START Stored data
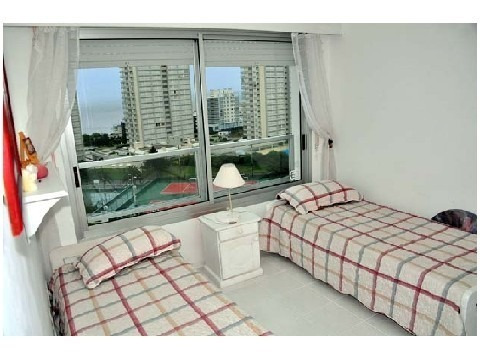 Apartamento En Alquiler Por Temporada De 3 Dormitorios En Playa Mansa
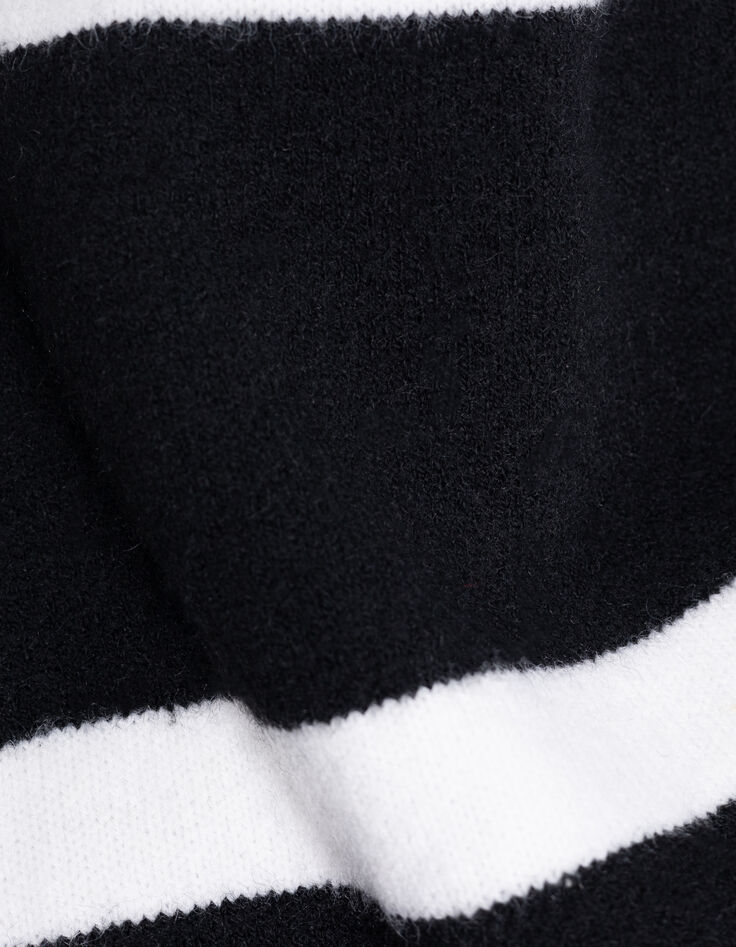 Echarpe noire tricot rayures blanches fille-5 Echarpe noire tricot rayures blanches fille-5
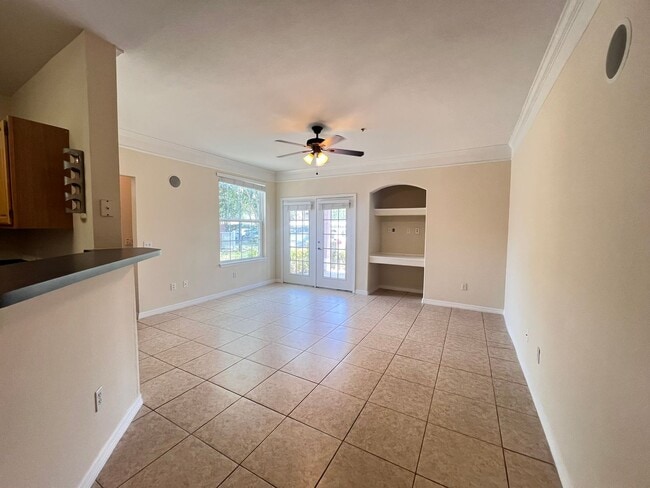 Building Photo - Great Condo for rent!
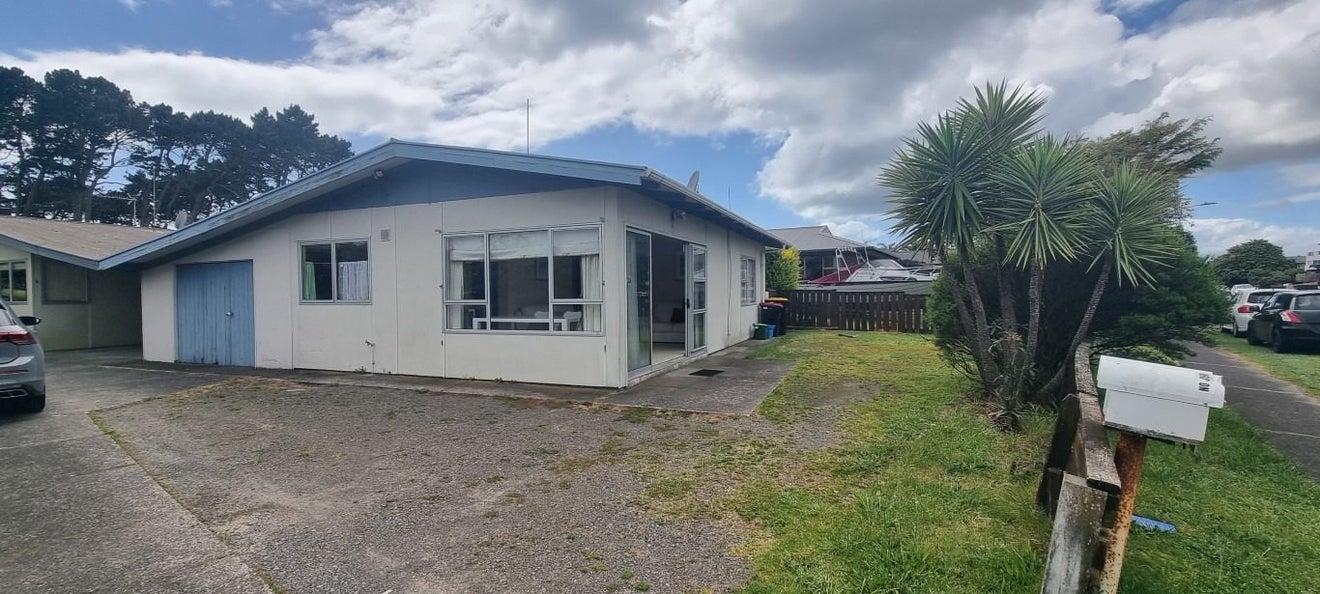3A Dickson Road, Papamoa Beach, Papamoa - Carousel 1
END Stored data
Your assignment: Where an image appears in the data, skip it, and return the rest verbatim.

Output for this task:
 Apartamento En Alquiler Por Temporada De 3 Dormitorios En Playa Mansa
 Echarpe noire tricot rayures blanches fille-5 Echarpe noire tricot rayures blanches fille-5
 Building Photo - Great Condo for rent!
3A Dickson Road, Papamoa Beach, Papamoa - Carousel 1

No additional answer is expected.